Task to carry out:
In the entries below, find the line with "Leather Combat boots" and the line with "Rozświetlone słońcem kremowe kwiaty"; copy them and every line between them exactly, but not the pictures.

Data records:

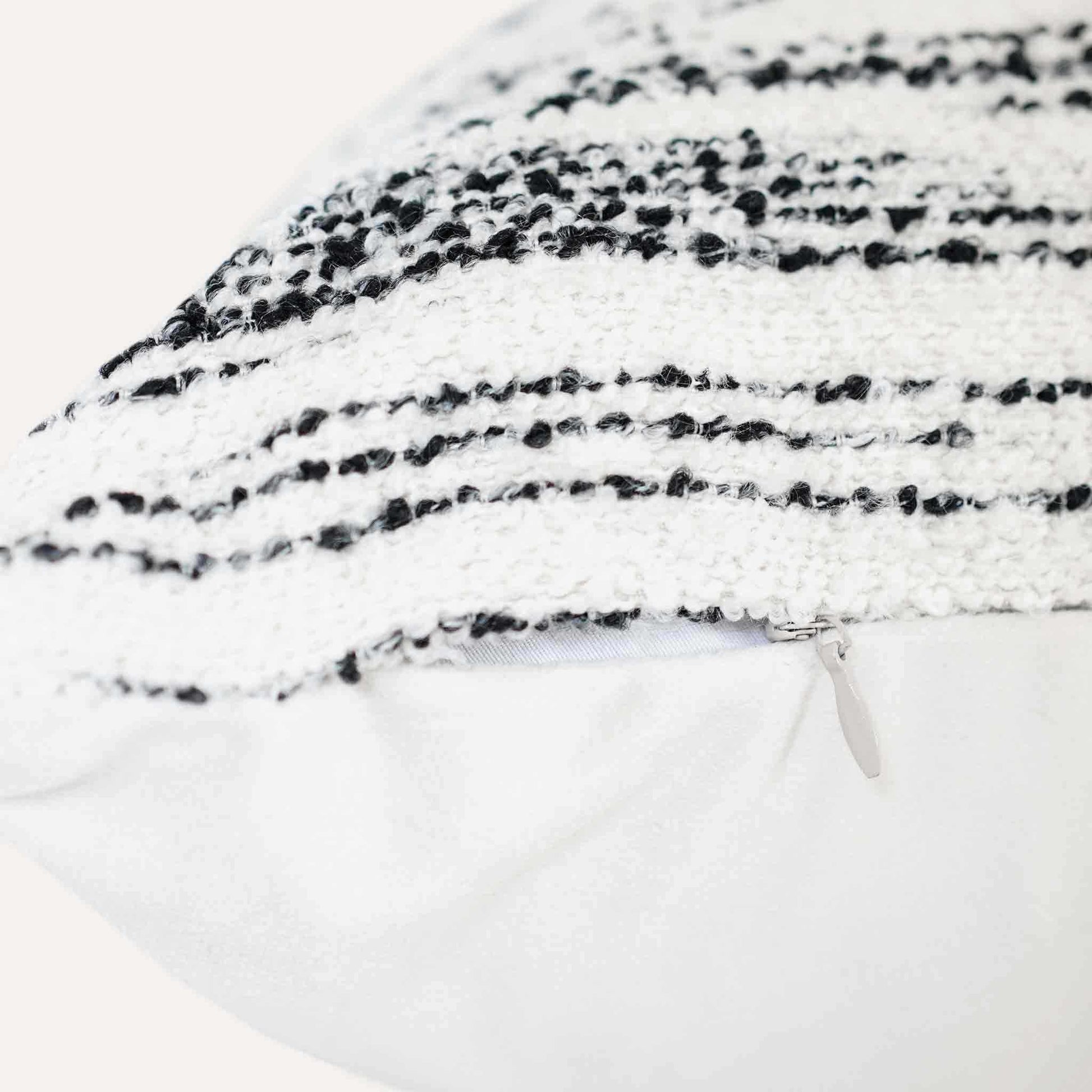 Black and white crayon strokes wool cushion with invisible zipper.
---
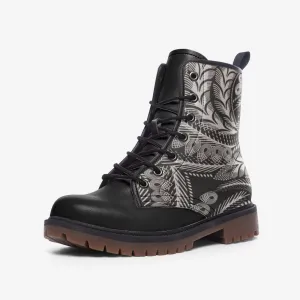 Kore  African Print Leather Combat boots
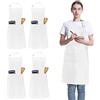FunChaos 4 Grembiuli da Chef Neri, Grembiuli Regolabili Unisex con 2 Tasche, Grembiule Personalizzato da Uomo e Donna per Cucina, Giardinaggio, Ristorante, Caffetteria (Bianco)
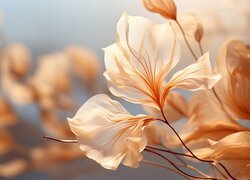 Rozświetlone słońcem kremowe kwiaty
---
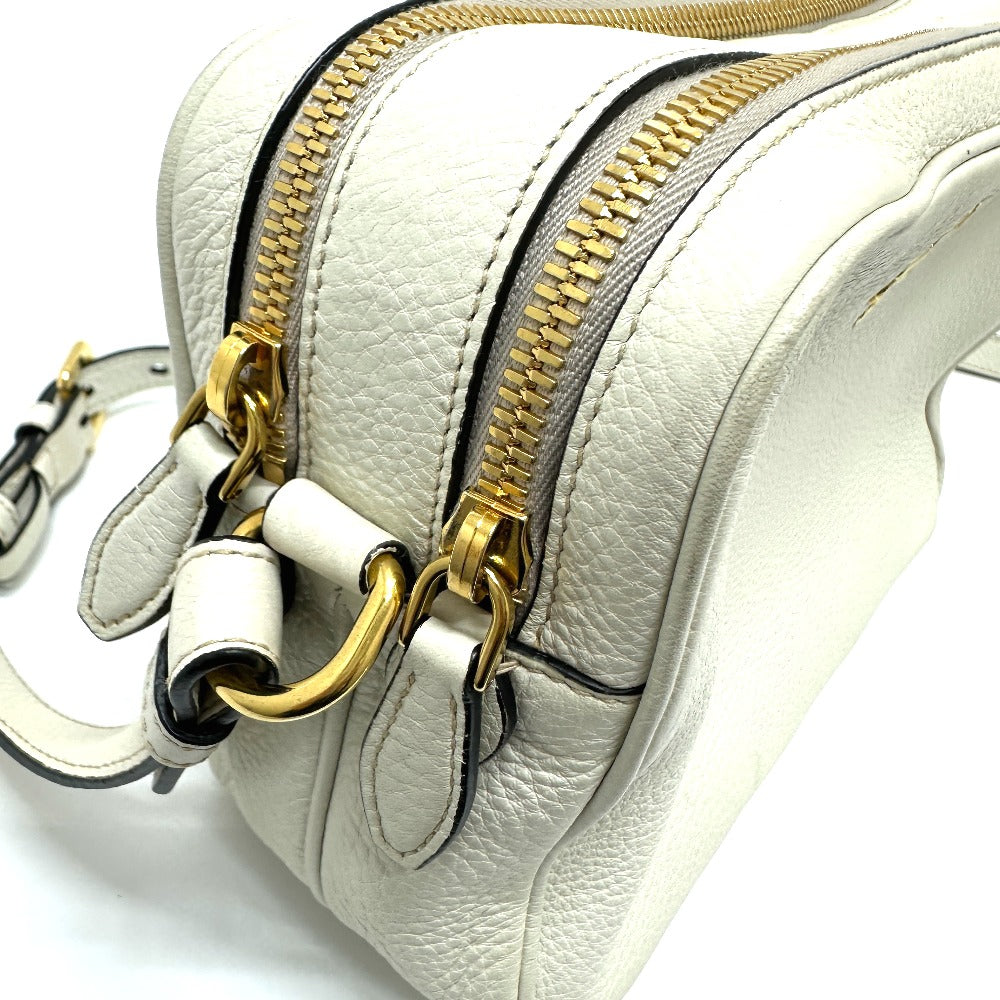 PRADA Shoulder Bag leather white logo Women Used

Reply:
 Kore  African Print Leather Combat boots
FunChaos 4 Grembiuli da Chef Neri, Grembiuli Regolabili Unisex con 2 Tasche, Grembiule Personalizzato da Uomo e Donna per Cucina, Giardinaggio, Ristorante, Caffetteria (Bianco)
 Rozświetlone słońcem kremowe kwiaty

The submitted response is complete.